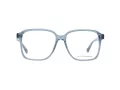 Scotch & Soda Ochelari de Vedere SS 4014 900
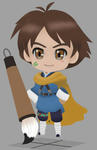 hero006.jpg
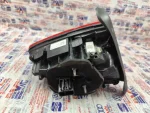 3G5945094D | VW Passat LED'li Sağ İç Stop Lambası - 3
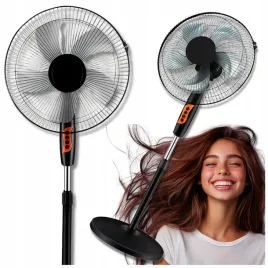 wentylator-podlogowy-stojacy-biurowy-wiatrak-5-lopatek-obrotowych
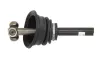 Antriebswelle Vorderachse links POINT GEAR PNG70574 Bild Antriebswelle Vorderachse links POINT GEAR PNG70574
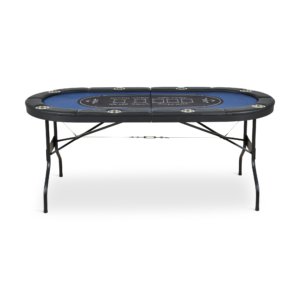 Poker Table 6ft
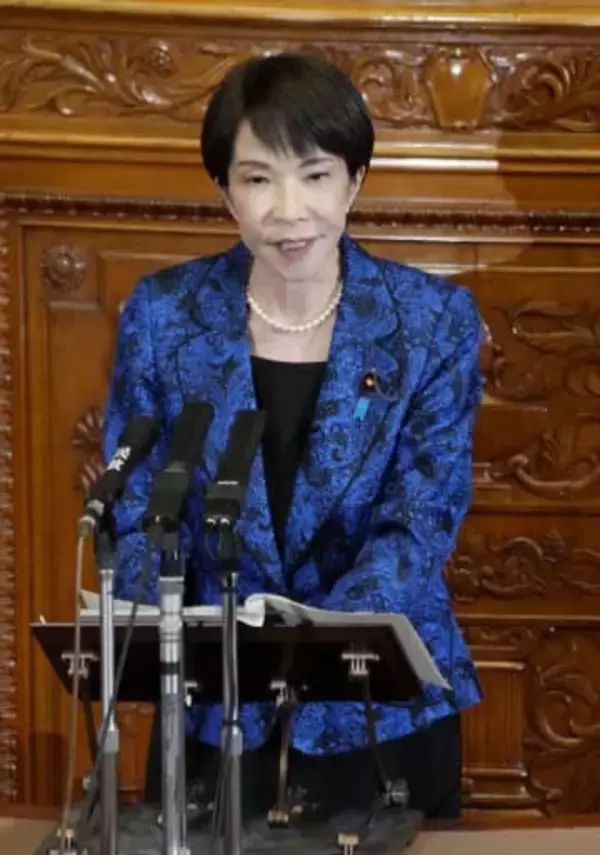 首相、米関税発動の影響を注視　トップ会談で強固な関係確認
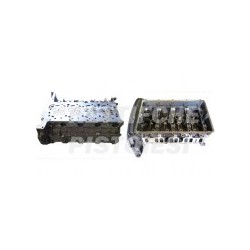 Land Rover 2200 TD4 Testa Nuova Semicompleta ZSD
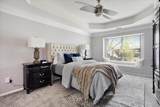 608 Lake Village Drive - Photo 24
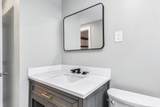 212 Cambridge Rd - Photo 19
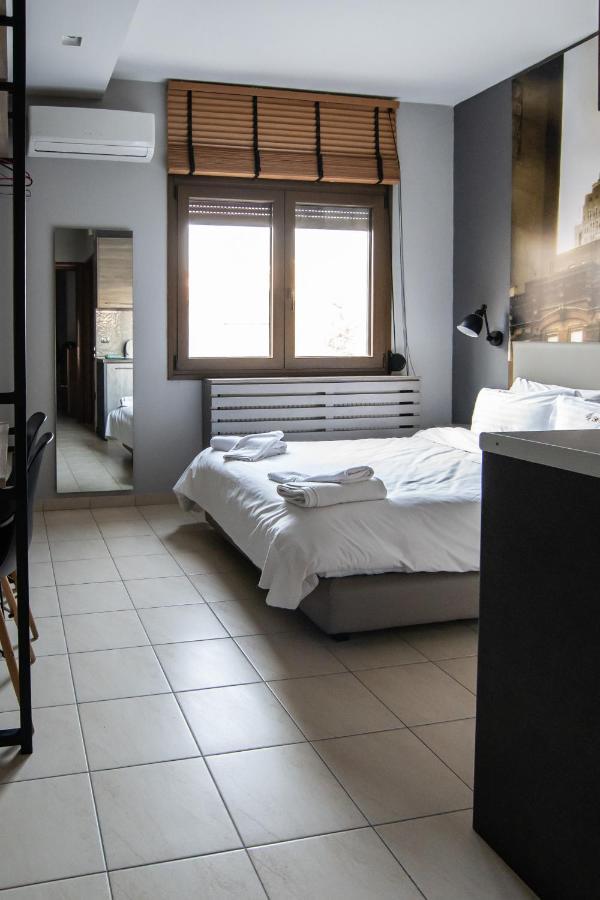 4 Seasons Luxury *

#### [Exercise requirements]
Reproduce exactly the line containing "Poker Table 6ft" and every line after it in the material above, up to and including the last. Exclude all pictures.

#### [Exercise response]
 Poker Table 6ft
 首相、米関税発動の影響を注視　トップ会談で強固な関係確認
 Land Rover 2200 TD4 Testa Nuova Semicompleta ZSD
 608 Lake Village Drive - Photo 24
 212 Cambridge Rd - Photo 19
 4 Seasons Luxury *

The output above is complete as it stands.